Tuesday, February 24, 2015

Lone Survivor

On June 6, 1944, Bob Sales--and many other soldiers from central Virginia--were on landing craft heading for the beaches of Normandy and an appointment with destiny.  They already knew their units would help form the first invasion wave at a place called Omaha Beach.  Scales and his fellow Virginians quickly discovered they had drawn one of the toughest assignments on D-Day, and few of them would make it back alive.
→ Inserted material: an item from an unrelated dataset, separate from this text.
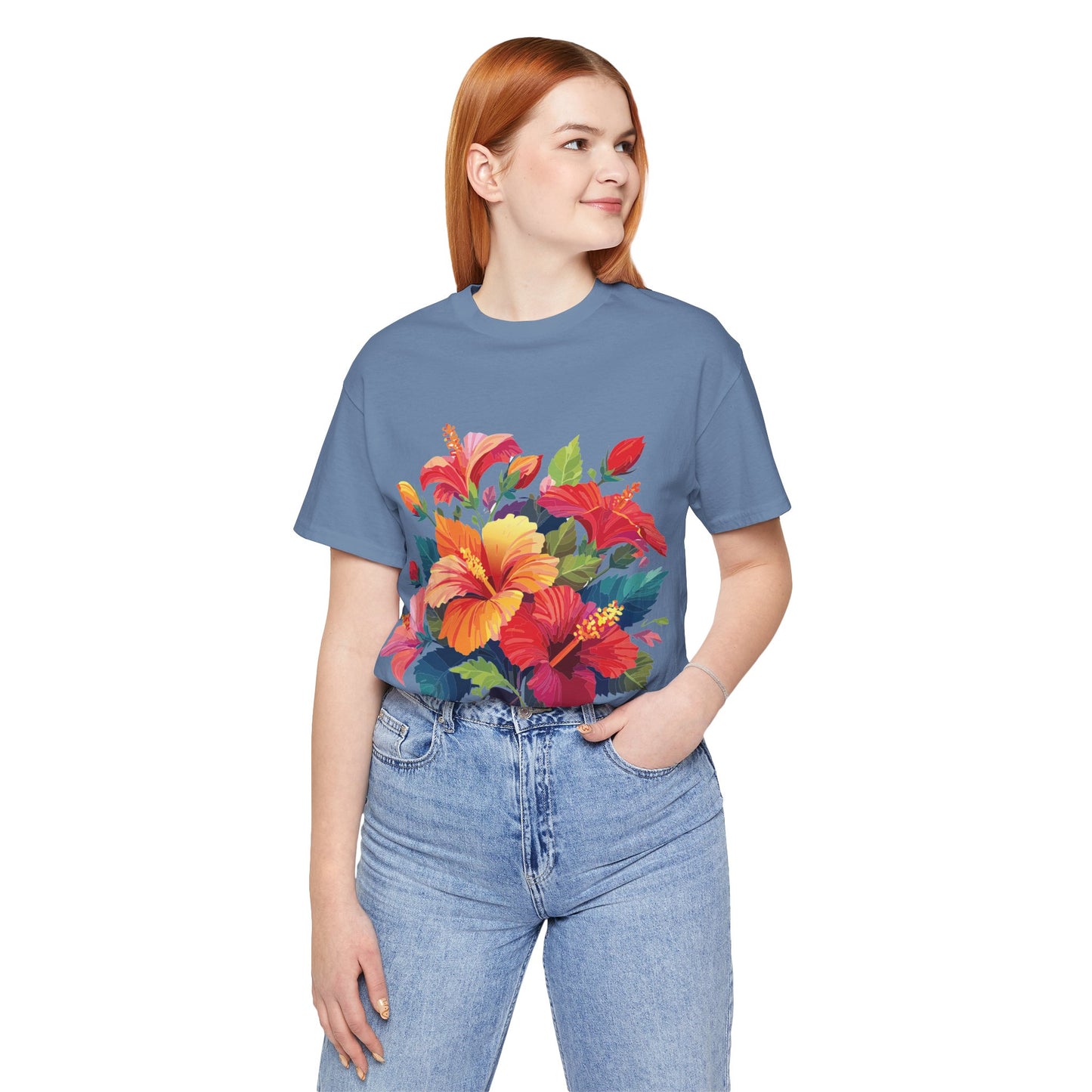 Flowers Shirt, Floral Shirt - retro2nova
Mr. Scales, who passed way Monday at the age of 89, described his experiences in a 2011 interview with the Lynchburg (VA) News and Advance:

Unlike anything he could have imagined, German machine guns began to unload “like bees” as they landed, he said. His captain was struck instantly.
Sales said he remembers thinking, “My God, we done lost the captain! What are we going to do now?”
A radio operator for the company, he said he shed the heavy communication device in the water to keep from drowning. He turned and saw that “everybody coming off that boat was being cut down” by bullets. He knew he had to make it to the beach.
Dead bodies were all around and he crawled from one to the next.
“Nothing like this ever crossed my mind,” he said of the horrific scenes unfolding in front of his eyes.

[snip]

Sales was the only one of the 30 men in his landing craft to survive the day. He said “the blood ran together” with Company A and others that suffered heavy casualties.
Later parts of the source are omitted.